As is, the Mallard Pointe property consists of 22 two-bedroom duplex homes located in an established neighborhood, on a lagoon, in a flood zone, on fill, next to a public park and playground. It’s one of the few inexpensive places seniors and workers can live in Belvedere, or at least it was until the new owners/developers almost doubled the rents.
The proposed project is for a brand new 12-lot subdivision consisting of six large lagoon-front-homes (one with an ADU), ten large townhouse “duettes,” and a huge apartment block with 23 “luxury flats for empty nesters” in which there are only four small units for lower-income households. All the current tenants would be displaced, many of them senior, singles, young families.Really, how could they afford to come back?
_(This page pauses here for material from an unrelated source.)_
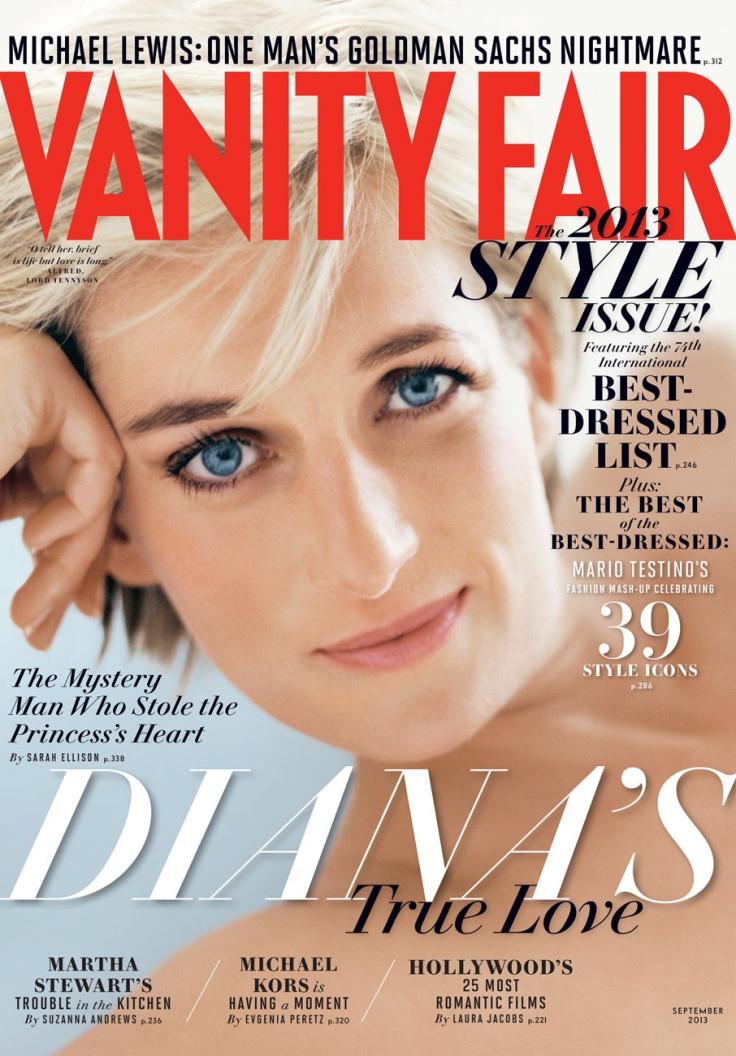 Princess Diana for 'Vanity Fair'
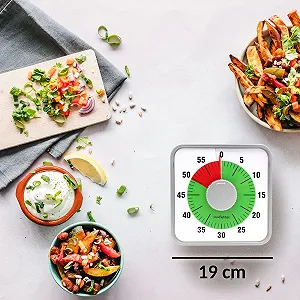 Механический таймер FISHTEC Giant Square 60 минут 19 см цветной дисплей 2 секции громкий сигнал цена на synthetic.ua - Фото 1 Механический таймер FISHTEC Giant Square 60 минут 19 см цветной дисплей 2 секции громкий сигнал synthetic.ua - Фото 1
The property site is zoned “R-2” which allows only “two-family duplex dwellings” and “single-family homes.” The City’s General Plan and zoning ordinance clearly prohibit multi-family apartment buildings.
Story poles outline proposed, massive apartment building
This indisputable fact has been established numerous times by the legal counsel of a community group called BRIG (Belvedere Residents for Intelligent Growth) and by the City itself in its communications with the developer. But this developer and his incalcitrant attorneys refuse to back down, insisting on their own alternate versions of how City zoning and land use regulations work, claiming this or that reason will let them build whatever they want here, and avoid mandated reviews under the California Environmental Quality Act (CEQA).
Even more troubling is that the Department of Housing & Community Development (HCD), an unelected state agency run by a politically-appointed board, is now endorsing that false narrative. Under the State Constitution, cities are empowered to interpret the meaning and intentions of their current adopted General Plan, zoning ordinances and codes. HCD’s powers stop at enforcing state housing laws through their ability to bring cases before the Attorney General for possible prosecution. Final decisions on such matters must be sought in the courts.
The City of Belvedere’s policy is and always has been to protect and build small, low-priced housing, not to deplete its already scant rental stock and increase local housing prices even further. State housing laws were meant to promote affordability, not help developers build large new luxury homes instead of small compact ones. And CEQA reviews should not be circumvented -- they’re the only way a city and its residents can try to understand and analyze all the potential environmental impacts of a proposed project and require measures to mitigate them.
Look at the developer’s plans. Their whole story doesn’t add up.